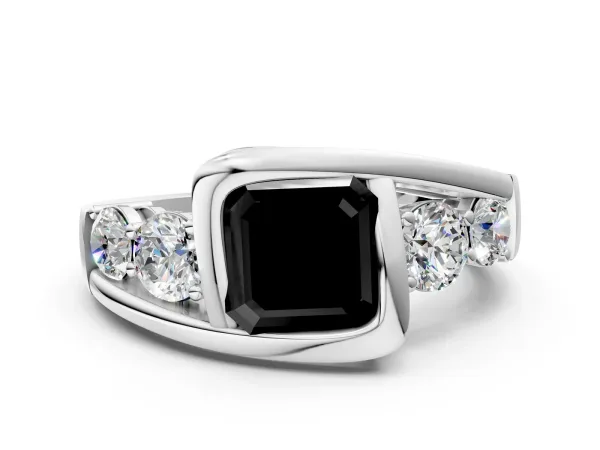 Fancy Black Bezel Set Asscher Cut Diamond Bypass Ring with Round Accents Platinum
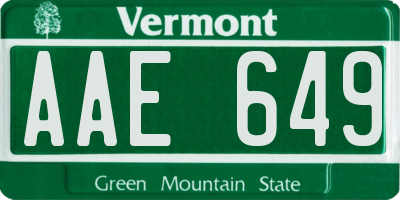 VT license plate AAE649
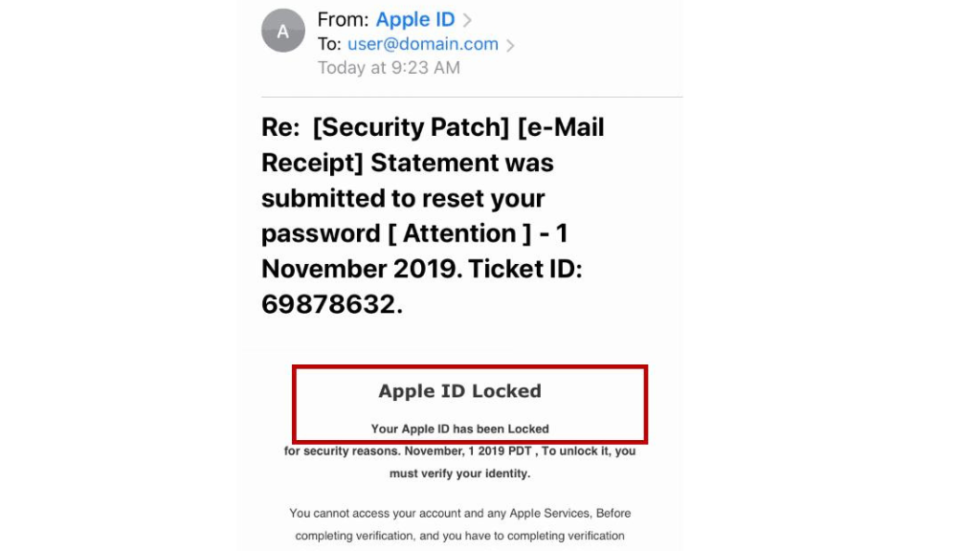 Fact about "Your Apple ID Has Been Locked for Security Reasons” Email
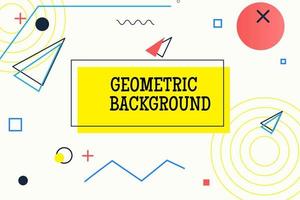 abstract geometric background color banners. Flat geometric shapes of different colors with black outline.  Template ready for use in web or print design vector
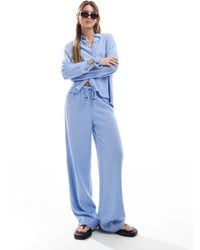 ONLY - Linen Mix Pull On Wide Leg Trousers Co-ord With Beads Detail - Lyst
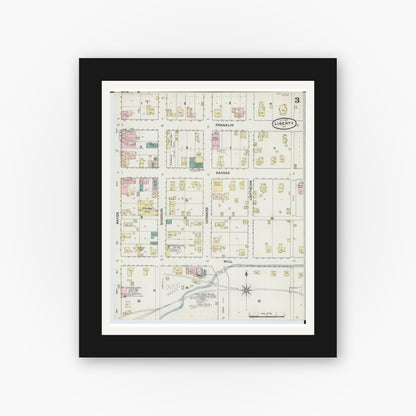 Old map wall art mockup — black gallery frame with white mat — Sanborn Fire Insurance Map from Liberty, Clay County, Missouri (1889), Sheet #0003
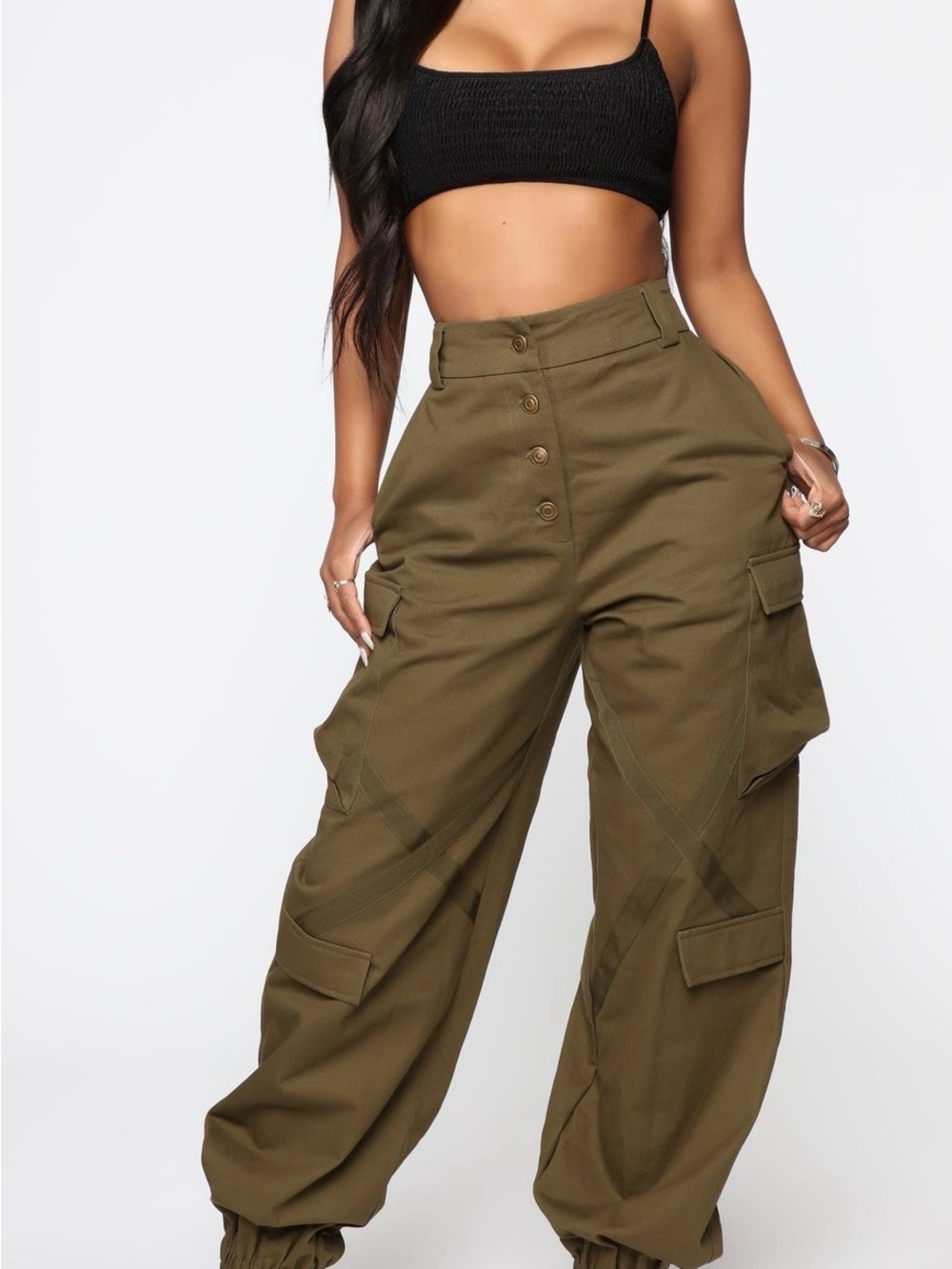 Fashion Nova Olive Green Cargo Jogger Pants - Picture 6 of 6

◆ What the task asks ◆
Reproduce the data word for word; no pictures.

◆ Response below ◆
 Fancy Black Bezel Set Asscher Cut Diamond Bypass Ring with Round Accents Platinum
 VT license plate AAE649
 Fact about "Your Apple ID Has Been Locked for Security Reasons” Email
 abstract geometric background color banners. Flat geometric shapes of different colors with black outline.  Template ready for use in web or print design vector
 ONLY - Linen Mix Pull On Wide Leg Trousers Co-ord With Beads Detail - Lyst
 Old map wall art mockup — black gallery frame with white mat — Sanborn Fire Insurance Map from Liberty, Clay County, Missouri (1889), Sheet #0003
 Fashion Nova Olive Green Cargo Jogger Pants - Picture 6 of 6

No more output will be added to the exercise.